Non solo chi vive da solo è interessato a questo articolo, ma un po’ tutti. C’è chi è sposato e non si sente capito dal coniuge, o è lontano dalla famiglia per lavoro. C’è chi ancora non ha trovato un partner come c’è anche chi lo ha perso perché deceduto o separato. C’è chi vive in famiglia ma passa alcune ore da solo. C’è chi è malato, e c’è chi vive da solo per scelta. Tante, tante solitudini, fisiche, mentali e spirituali. Tutte queste condizioni potrebbero essere interessate agli sviluppi di questo articolo.

 

Sant’Onofrio

Il 12 di Giugno abbiamo festeggiato Sant’Onofrio. Si tratta di un Santo del V° secolo, che visse dapprima come monaco ad Emopolis, per poi scegliere la vita da eremita nel deserto. I suoi biografi del tempo dicono significativamente: “Scelse la forma di vita più perfetta”. Qui merita fare una prima riflessione: per molti Padri del tempo la vita solitaria nel deserto era la forma di vita più perfetta. Sono parole che pesano ed interrogano. Oggi infatti la solitudine è disprezzata. Allora era ricercata e benedetta. Qualcuno potrebbe dire: anche ora è benedetta, purché consacrata….Si certo. Ma forse questa forma di vita non è soltanto una leggenda che alimenta il fervore dei pii cristiani. Può diventare qualcosa di concreto, capace di entrare nel vivo della nostra vita. Certo! Come tutte le cose davvero belle e sante. Vedremo come. Onofrio trascorse nel deserto ben 70 anni. Completamente sconosciuto e nascosto.  Un bel giorno, un altro monaco egiziano, di nome Pafnuzio, si inoltrò nel deserto alla ricerca degli eremiti, di cui desiderava fare conoscenza. Dopo 21 giorni, vide apparire una figura umana di terribile aspetto, ricoperta da capo a piedi solo dai lunghi capelli e da qualche foglia.
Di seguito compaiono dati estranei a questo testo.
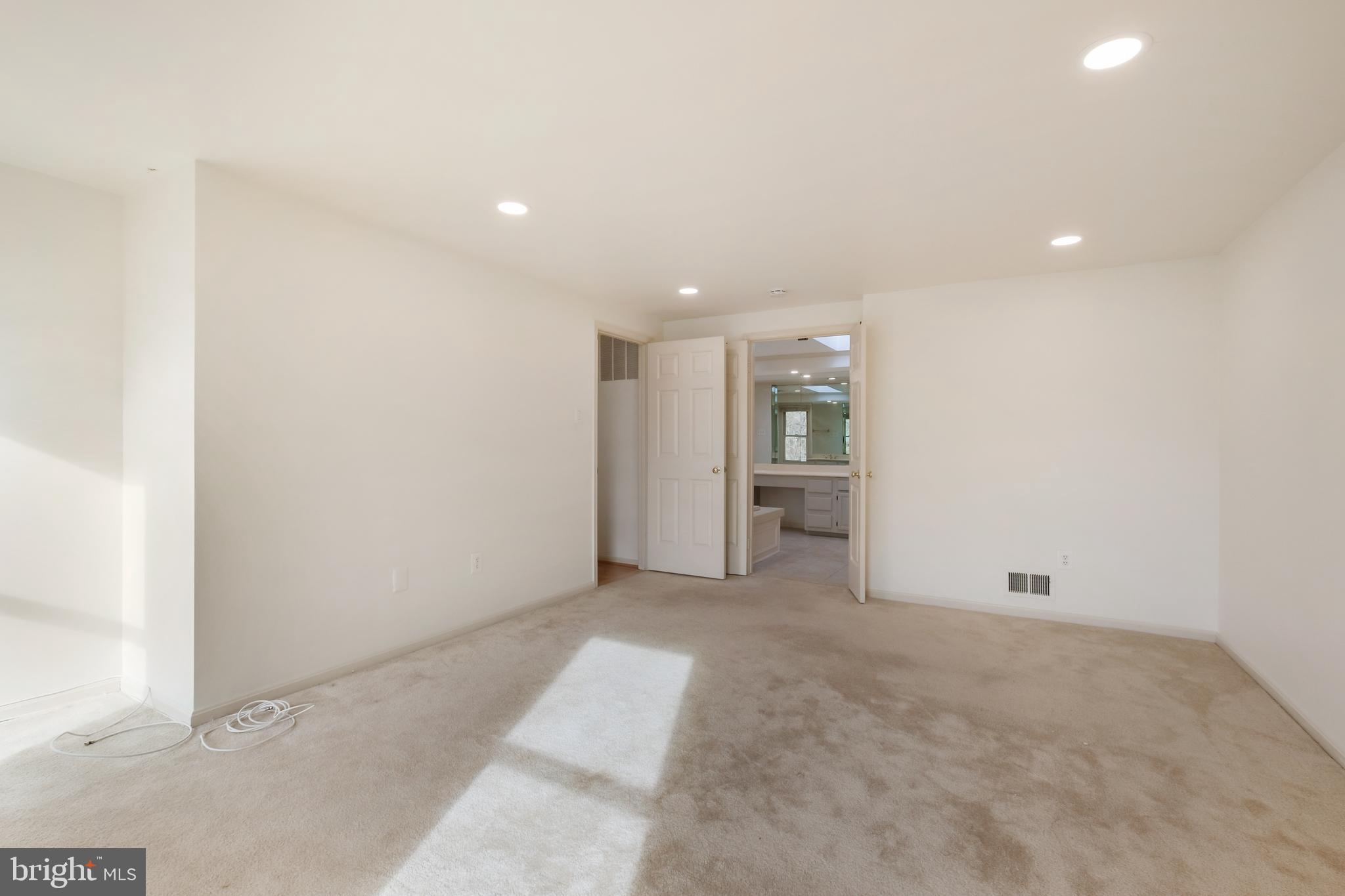 13905 Huxley Cove Court Silver Spring, MD 20906 - Photo 24 of 30 a view of a livingroom with an empty space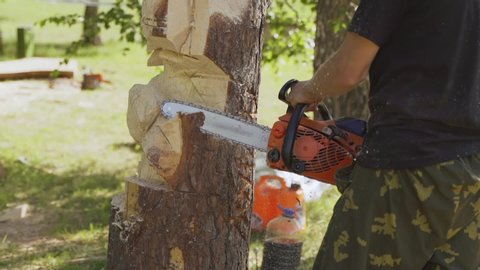 A man carves a wooden statue from a log with a chainsaw. Wooden sculptures.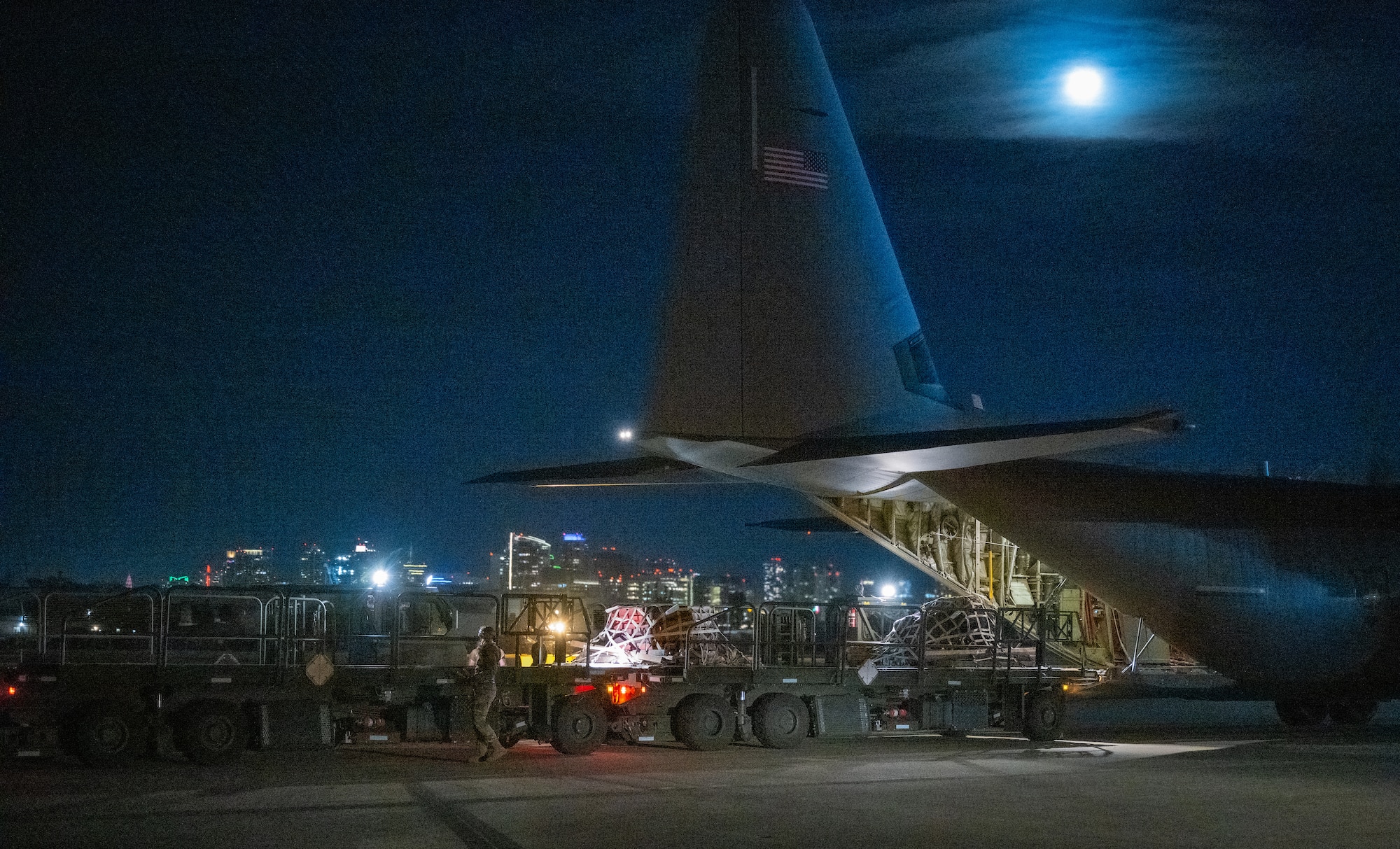 U.S. Air Force Senior Airman Alyssa Bradshaw, 732nd Expeditionary Air Mobility Squadron load team chief, deployed from Joint Base Elmendorf-Richardson, Alaska, directs cargo arrival from a C-130 Hercules during Exercise Bamboo Eagle 24-1 at Naval Air Station North Island, California, Jan. 26, 2024.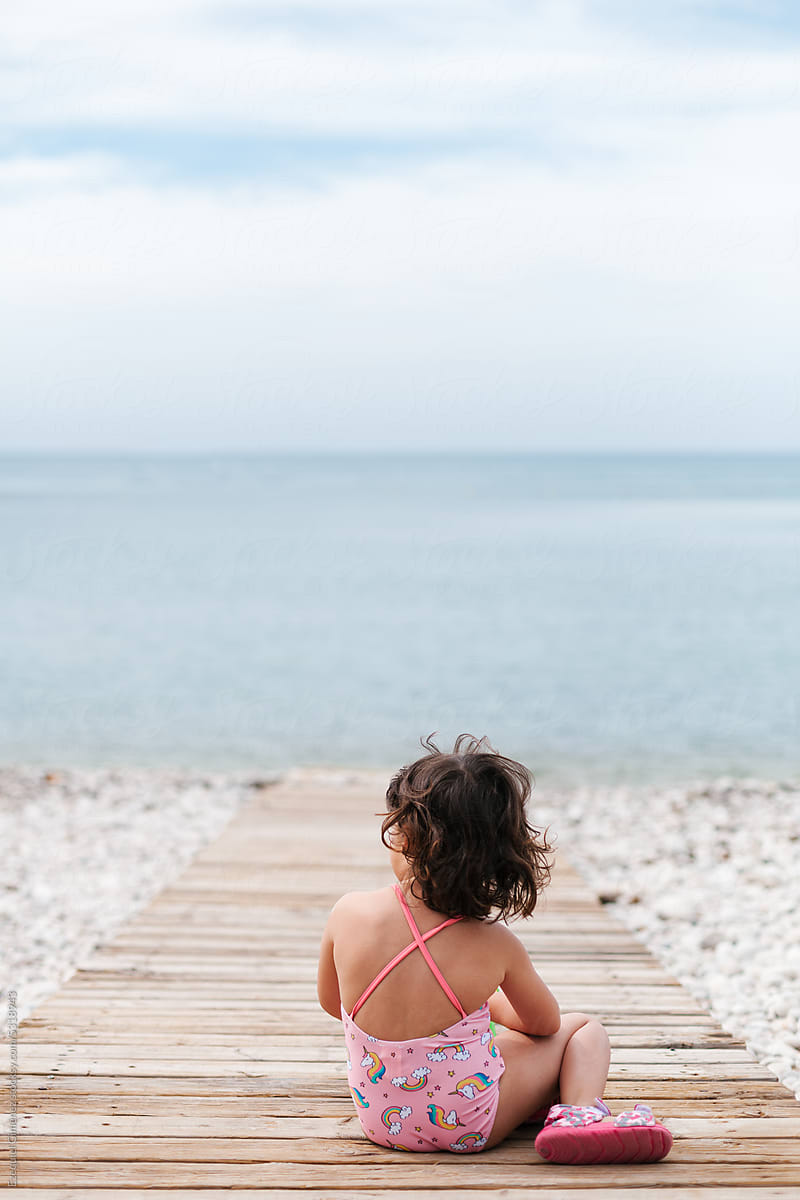 Anonymous girl resting on wooden walkway near seashore
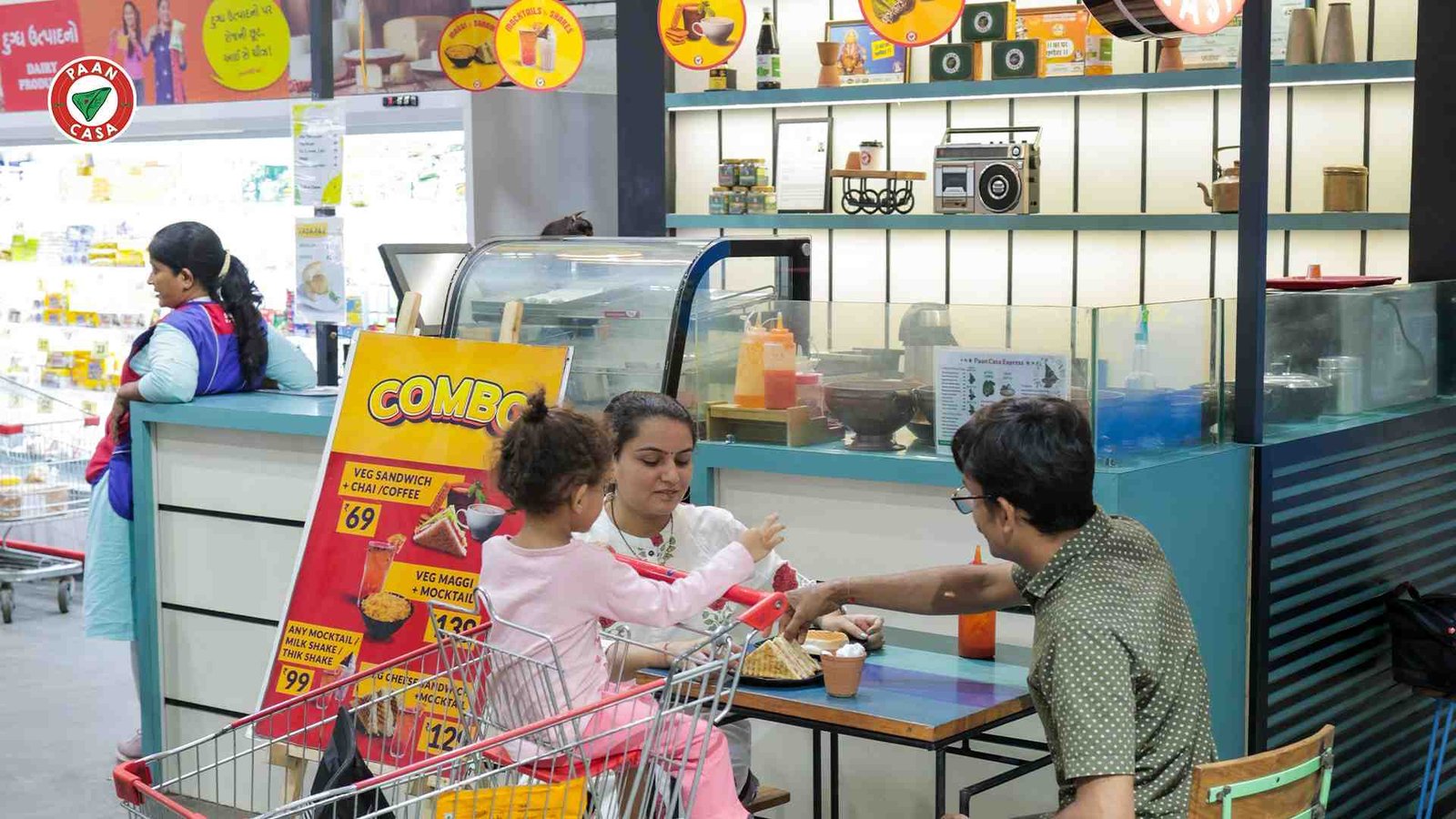 Family enjoying sandwiches at a Paan Casa café inside a supermarket with a child in a shopping trolley.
Questo abbigliamento era solito negli anacoreti, che abituati a star soli e visti solo dagli angeli, alla fine facevano a meno di un indumento difficile a procurarsi o a sostituire lì nel deserto.
Egli allora capì di aver trovato chi cercava. Stabilitasi una fiducia reciproca, cominciarono le confidenze, l’eremita disse di chiamarsi Onofrio e stava nel deserto da 70 anni e di non aver mai più visto anima viva, si nutriva di erbe e si riposava nelle caverne. Da giovane era stato aiutato ad apprendere l’arte della vita eremitica da un Anacoreta più anziano, che dopo avergli insegnato, lo accompagnò presso un palmizio dove poi visse tutta la vita. Onofrio raccontò a Pafnuzio di come si adattasse al cambio delle stagioni, di come resistesse alle intemperie e di come si sostenesse. Un angelo provvedeva quotidianamente al suo nutrimento. Lo stesso angelo la domenica gli portava la s. Comunione. Il miracolo dell’angelo fu visto pure da Pafnuzio, che Onofrio condusse al suo eremo di Calidiomea, il luogo dei palmizi. Al termine della conversazione Onofrio spirò e Pafnuzio dopo averlo seppellito, si adoperò a far conoscere la sua vita.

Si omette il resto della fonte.